2. Outlier detection algorithm has been used to find the data points which are not proper to join the next curve fitting.
3. Key parameters automatically generating instead of obtaining by trials and experience. There are two important parameters, Numbers of Frequency (NOF) and Fitting-effect Index (Fk). The former is used to control the result of fitting, and it also reflects some phonological regulations implied in the data sets. The latter decides when to terminate the iteration.
Comparing to the HANTS result by analyzing disturbance to the data sets, detecting outlier and generating key parameters automatically, it can be concluded that the improved method has a good performance in some aspects such as fewer disturbance to the original data, while new problems,applicability of algorithm for instance, have been found which need to keep improving further.

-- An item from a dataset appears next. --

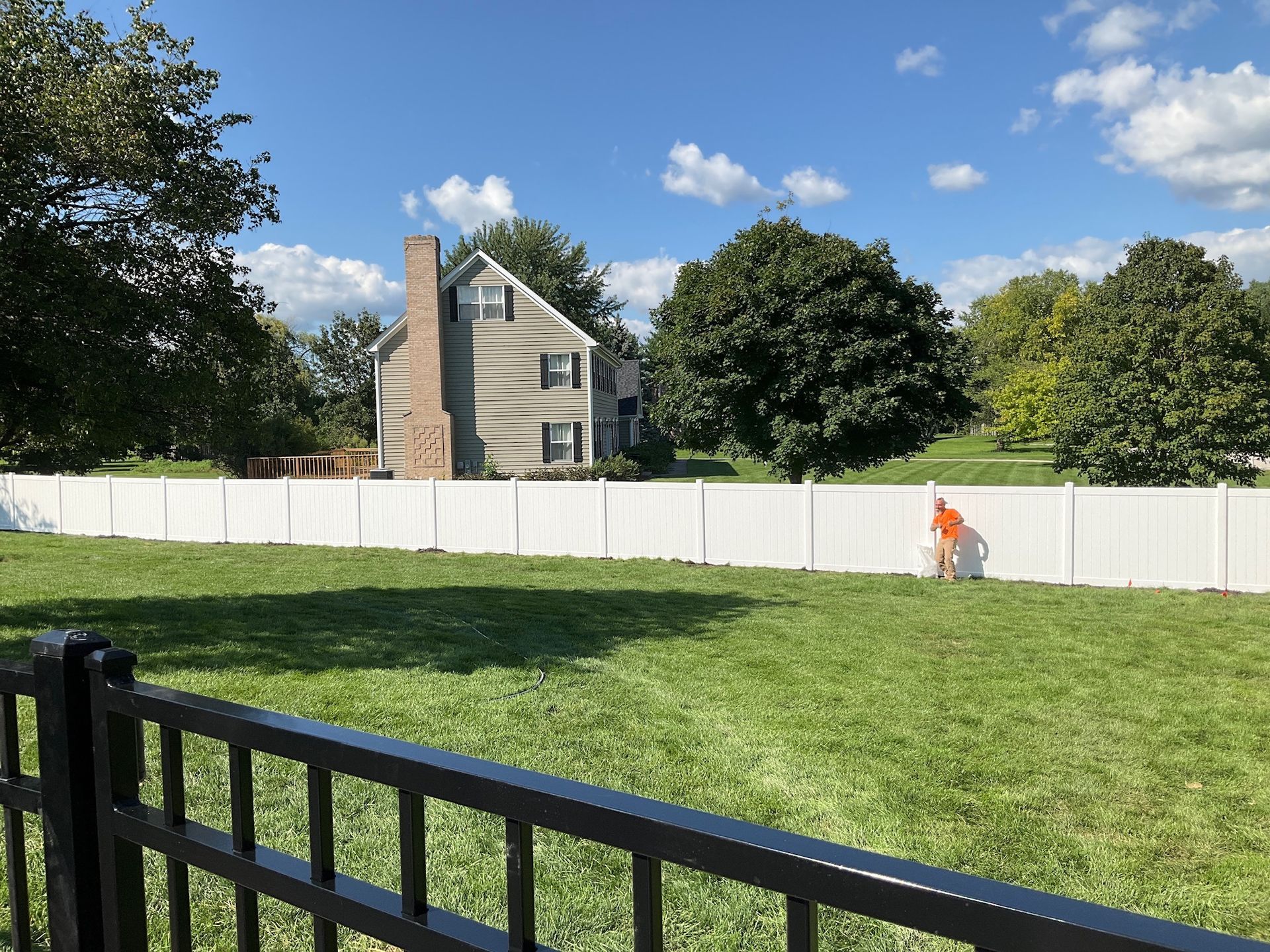 House behind a white fence on a grassy lawn under a blue sky.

Finally, the vegetation index time series of remotely sensed data have been applied to detect the source regions of dust weather. After analysis of the detected result and local meteorological data, two possible dust-sand sources regions of Beijing dust weather have been found. One is the junction of Inner Mongolia, Hebei and Shanxi in northwest Beijing. Another is in north Beijing, mainly is in Mengtougou country, Fangshan country and Daxing country. More attention should be paid here to find a balance between Economic and ecological benefits which will be helpful to improve Beijing dust weather.